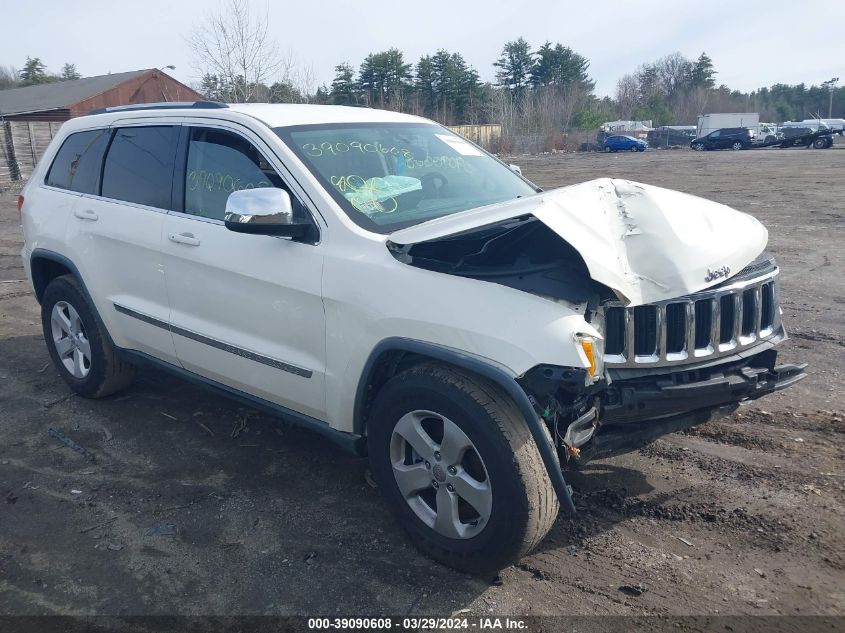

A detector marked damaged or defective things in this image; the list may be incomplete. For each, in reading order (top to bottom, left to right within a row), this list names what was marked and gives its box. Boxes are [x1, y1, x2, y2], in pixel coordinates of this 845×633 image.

crumpled hood [390, 178, 772, 306]
damaged bumper [572, 348, 804, 462]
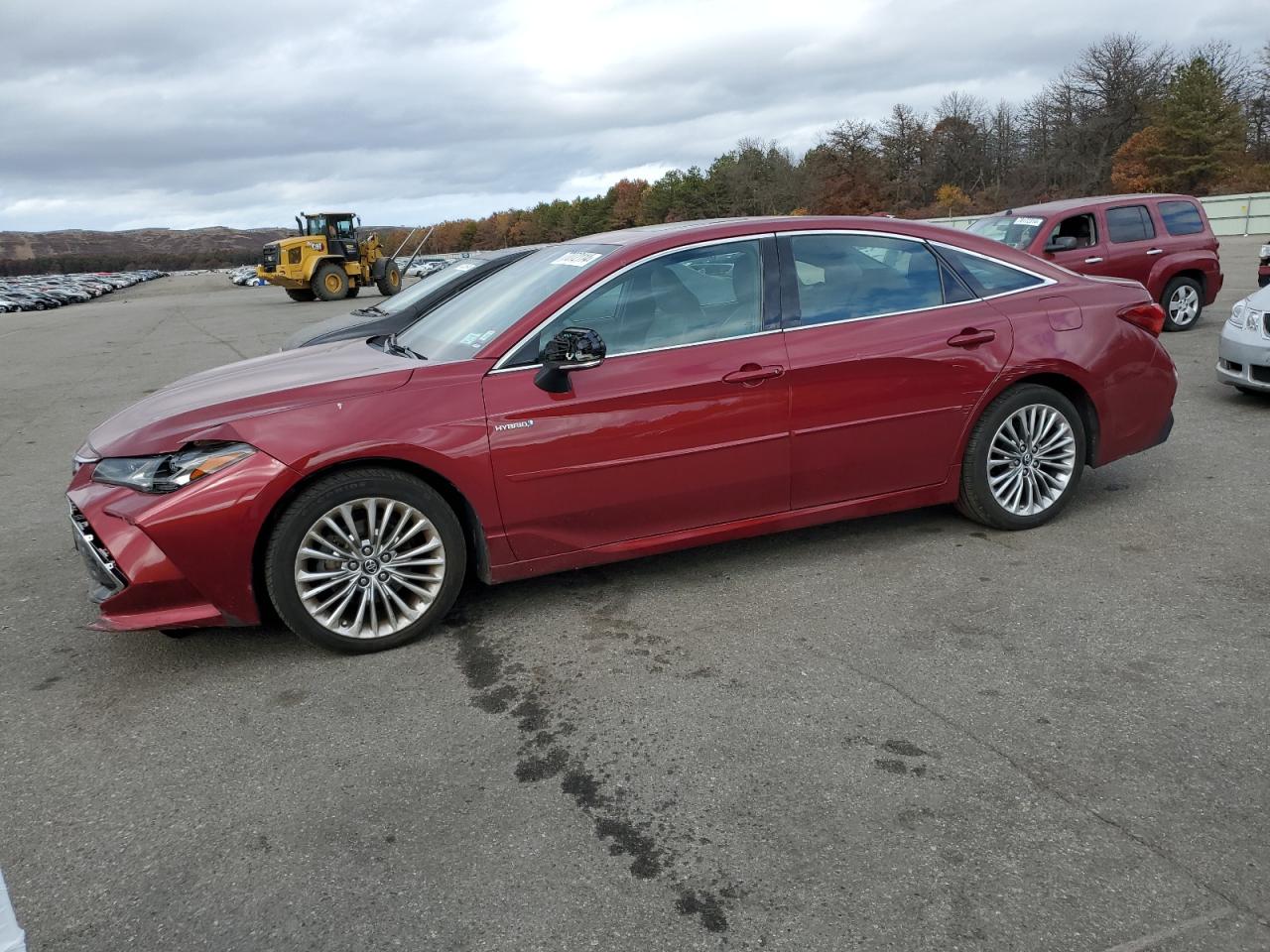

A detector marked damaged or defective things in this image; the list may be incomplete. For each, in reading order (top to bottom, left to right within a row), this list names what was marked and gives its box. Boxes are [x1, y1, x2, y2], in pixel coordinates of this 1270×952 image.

pavement crack [837, 654, 1264, 934]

_What is being asked_
Once the line containing "this 1270×952 image." is found, output it and each line after it through the end of the listing above, exactly, with nothing else.

_Response to this task_
A detector marked damaged or defective things in this image; the list may be incomplete. For each, in reading order (top to bottom, left to right within a row), this list names what was marked and gives its box. Boxes are [x1, y1, x2, y2], in pixel coordinates of this 1270×952 image.

pavement crack [837, 654, 1264, 934]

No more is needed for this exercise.